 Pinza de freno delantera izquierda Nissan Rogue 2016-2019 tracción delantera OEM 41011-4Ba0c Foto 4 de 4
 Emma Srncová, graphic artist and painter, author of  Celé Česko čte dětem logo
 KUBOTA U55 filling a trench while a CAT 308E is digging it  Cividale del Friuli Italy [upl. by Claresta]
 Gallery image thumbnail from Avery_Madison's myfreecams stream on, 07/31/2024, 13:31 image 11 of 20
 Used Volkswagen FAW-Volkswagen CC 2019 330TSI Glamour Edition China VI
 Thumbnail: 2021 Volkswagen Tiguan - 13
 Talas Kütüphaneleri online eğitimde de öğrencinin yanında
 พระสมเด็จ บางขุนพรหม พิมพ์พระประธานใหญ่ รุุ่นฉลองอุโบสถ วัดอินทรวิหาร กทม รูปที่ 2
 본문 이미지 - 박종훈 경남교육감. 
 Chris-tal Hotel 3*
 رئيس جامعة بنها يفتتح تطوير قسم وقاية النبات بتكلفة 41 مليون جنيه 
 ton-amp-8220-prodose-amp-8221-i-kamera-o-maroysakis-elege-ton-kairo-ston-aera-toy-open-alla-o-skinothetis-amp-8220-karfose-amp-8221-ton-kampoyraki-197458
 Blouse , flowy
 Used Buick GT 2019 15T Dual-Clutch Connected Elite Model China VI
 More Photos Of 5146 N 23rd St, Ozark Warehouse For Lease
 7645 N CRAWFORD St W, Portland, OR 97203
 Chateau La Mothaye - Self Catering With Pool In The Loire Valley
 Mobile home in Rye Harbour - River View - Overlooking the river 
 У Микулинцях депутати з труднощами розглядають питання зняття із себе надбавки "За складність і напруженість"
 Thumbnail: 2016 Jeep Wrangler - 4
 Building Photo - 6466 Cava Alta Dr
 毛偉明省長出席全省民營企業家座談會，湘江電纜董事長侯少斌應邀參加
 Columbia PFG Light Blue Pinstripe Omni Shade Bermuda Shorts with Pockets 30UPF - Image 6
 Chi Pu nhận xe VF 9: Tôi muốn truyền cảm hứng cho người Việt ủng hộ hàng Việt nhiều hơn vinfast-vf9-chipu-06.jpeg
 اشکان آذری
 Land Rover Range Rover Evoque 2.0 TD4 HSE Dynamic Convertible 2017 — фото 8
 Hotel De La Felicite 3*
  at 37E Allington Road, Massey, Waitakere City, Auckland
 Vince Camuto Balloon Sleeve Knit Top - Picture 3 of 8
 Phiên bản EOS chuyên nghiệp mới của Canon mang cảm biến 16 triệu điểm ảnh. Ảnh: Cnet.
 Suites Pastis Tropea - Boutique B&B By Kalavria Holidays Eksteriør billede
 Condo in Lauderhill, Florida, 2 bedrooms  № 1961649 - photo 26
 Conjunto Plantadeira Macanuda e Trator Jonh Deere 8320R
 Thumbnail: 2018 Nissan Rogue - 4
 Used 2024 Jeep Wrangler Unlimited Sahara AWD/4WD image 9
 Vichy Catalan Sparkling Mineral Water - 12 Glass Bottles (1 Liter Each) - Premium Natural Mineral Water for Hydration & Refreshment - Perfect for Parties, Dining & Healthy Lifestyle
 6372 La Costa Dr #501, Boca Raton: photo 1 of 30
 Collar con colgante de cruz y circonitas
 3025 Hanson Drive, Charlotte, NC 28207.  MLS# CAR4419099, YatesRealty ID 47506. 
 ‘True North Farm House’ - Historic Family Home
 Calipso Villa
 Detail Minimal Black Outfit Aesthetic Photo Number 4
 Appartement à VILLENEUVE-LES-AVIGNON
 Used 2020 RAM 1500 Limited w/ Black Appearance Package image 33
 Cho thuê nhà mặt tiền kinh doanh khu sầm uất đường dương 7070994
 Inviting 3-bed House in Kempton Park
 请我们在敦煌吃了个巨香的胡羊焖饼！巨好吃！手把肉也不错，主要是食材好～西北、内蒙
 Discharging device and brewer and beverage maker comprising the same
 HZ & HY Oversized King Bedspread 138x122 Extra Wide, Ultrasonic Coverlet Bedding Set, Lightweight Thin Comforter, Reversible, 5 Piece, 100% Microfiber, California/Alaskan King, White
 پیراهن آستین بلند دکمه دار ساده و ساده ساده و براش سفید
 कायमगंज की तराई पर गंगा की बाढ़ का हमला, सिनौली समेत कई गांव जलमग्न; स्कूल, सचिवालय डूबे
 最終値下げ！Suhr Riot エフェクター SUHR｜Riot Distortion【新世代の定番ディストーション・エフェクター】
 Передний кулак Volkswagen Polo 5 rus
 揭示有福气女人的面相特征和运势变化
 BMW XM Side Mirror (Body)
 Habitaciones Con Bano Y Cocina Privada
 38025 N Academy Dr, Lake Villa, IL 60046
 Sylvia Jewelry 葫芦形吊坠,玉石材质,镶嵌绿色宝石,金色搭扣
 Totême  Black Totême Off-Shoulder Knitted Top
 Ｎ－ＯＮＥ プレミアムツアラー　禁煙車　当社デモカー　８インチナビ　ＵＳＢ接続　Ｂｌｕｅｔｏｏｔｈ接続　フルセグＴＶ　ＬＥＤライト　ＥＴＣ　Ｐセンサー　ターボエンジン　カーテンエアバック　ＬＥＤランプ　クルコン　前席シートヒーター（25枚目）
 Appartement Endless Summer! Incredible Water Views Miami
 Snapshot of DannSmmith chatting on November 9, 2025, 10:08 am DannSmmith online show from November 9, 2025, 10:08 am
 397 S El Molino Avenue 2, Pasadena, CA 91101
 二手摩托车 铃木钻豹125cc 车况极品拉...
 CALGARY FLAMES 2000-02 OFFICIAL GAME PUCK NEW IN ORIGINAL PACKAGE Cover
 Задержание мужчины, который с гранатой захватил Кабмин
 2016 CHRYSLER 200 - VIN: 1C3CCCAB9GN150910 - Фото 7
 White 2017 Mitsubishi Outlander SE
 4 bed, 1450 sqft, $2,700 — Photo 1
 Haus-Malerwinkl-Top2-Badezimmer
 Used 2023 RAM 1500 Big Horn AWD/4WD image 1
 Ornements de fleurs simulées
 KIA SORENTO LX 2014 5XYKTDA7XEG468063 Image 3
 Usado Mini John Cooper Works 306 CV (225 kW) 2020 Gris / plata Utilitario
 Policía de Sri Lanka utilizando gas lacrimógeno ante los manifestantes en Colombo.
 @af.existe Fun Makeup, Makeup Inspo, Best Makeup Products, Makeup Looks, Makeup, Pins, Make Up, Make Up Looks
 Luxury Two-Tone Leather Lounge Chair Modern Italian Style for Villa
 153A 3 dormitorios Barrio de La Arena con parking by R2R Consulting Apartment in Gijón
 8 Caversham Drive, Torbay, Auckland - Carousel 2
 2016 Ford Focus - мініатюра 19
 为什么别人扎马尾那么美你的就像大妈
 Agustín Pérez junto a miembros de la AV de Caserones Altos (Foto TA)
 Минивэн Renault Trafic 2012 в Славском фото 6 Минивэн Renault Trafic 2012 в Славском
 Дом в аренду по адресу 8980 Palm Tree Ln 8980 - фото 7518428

PROMPT
Pick each line holding the word "Rogue" out of the data and copy it.

OUTPUT OF THE EXERCISE
 Pinza de freno delantera izquierda Nissan Rogue 2016-2019 tracción delantera OEM 41011-4Ba0c Foto 4 de 4
 Thumbnail: 2018 Nissan Rogue - 4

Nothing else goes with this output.